### [Instructions for the task]
Print the records below from the first line through the line containing "Power Steering Tube", both included, word for word.

### [Extracted data]
━━━━━━

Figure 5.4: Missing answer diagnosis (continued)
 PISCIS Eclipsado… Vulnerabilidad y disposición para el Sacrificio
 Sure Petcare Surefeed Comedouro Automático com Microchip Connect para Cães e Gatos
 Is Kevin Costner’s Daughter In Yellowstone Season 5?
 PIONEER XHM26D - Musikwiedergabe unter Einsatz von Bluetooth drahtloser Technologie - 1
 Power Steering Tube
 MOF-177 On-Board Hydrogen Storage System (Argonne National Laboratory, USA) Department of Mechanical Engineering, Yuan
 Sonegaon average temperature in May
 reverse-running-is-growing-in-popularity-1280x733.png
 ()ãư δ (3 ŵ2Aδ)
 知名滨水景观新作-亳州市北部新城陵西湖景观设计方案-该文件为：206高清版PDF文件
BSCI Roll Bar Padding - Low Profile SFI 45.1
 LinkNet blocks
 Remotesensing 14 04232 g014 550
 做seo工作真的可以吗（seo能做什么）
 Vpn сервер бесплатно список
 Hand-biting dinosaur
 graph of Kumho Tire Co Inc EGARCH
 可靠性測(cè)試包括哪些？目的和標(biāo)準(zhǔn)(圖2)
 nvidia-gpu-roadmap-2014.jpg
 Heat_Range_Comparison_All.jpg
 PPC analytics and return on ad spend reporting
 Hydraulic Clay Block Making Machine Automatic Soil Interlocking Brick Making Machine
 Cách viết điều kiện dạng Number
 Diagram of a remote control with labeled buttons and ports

━━━━━━

### [Finished task]
Figure 5.4: Missing answer diagnosis (continued)
 PISCIS Eclipsado… Vulnerabilidad y disposición para el Sacrificio
 Sure Petcare Surefeed Comedouro Automático com Microchip Connect para Cães e Gatos
 Is Kevin Costner’s Daughter In Yellowstone Season 5?
 PIONEER XHM26D - Musikwiedergabe unter Einsatz von Bluetooth drahtloser Technologie - 1
 Power Steering Tube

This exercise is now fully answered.